Work to complete - Write out exactly the lines running from the one that contains "Floor plan Two Bedroom/One Bath" through the end of the material.

BEGIN Given records

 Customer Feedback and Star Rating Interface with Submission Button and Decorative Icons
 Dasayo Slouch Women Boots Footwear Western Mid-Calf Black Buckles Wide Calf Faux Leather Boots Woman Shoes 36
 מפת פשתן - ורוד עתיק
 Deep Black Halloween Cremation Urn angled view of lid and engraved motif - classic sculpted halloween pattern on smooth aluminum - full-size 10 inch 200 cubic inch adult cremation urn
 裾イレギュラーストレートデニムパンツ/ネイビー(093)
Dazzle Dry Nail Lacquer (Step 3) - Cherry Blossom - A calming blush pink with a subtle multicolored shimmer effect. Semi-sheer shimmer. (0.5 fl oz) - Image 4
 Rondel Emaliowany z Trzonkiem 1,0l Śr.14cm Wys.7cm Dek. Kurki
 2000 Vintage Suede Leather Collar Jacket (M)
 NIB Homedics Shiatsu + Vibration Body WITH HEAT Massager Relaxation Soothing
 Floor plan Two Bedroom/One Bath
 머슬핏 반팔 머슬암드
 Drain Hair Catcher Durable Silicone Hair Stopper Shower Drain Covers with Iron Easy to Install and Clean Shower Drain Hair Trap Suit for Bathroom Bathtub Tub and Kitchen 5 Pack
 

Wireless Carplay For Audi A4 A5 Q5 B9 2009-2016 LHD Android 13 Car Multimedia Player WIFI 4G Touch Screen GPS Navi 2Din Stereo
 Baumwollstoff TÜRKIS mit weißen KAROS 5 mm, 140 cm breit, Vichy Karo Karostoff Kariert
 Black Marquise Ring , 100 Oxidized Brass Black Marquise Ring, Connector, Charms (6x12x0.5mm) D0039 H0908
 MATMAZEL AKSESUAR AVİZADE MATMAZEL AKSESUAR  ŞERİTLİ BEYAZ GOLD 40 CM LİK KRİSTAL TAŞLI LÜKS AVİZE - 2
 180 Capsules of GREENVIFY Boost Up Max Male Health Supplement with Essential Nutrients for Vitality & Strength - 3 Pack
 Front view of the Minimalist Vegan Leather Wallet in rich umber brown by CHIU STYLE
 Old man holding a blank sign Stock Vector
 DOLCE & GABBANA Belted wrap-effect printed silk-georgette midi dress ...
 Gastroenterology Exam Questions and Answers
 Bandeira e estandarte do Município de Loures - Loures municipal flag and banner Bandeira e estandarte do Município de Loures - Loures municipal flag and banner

END Given records

Your response -
 Floor plan Two Bedroom/One Bath
 머슬핏 반팔 머슬암드
 Drain Hair Catcher Durable Silicone Hair Stopper Shower Drain Covers with Iron Easy to Install and Clean Shower Drain Hair Trap Suit for Bathroom Bathtub Tub and Kitchen 5 Pack
 

Wireless Carplay For Audi A4 A5 Q5 B9 2009-2016 LHD Android 13 Car Multimedia Player WIFI 4G Touch Screen GPS Navi 2Din Stereo
 Baumwollstoff TÜRKIS mit weißen KAROS 5 mm, 140 cm breit, Vichy Karo Karostoff Kariert
 Black Marquise Ring , 100 Oxidized Brass Black Marquise Ring, Connector, Charms (6x12x0.5mm) D0039 H0908
 MATMAZEL AKSESUAR AVİZADE MATMAZEL AKSESUAR  ŞERİTLİ BEYAZ GOLD 40 CM LİK KRİSTAL TAŞLI LÜKS AVİZE - 2
 180 Capsules of GREENVIFY Boost Up Max Male Health Supplement with Essential Nutrients for Vitality & Strength - 3 Pack
 Front view of the Minimalist Vegan Leather Wallet in rich umber brown by CHIU STYLE
 Old man holding a blank sign Stock Vector
 DOLCE & GABBANA Belted wrap-effect printed silk-georgette midi dress ...
 Gastroenterology Exam Questions and Answers
 Bandeira e estandarte do Município de Loures - Loures municipal flag and banner Bandeira e estandarte do Município de Loures - Loures municipal flag and banner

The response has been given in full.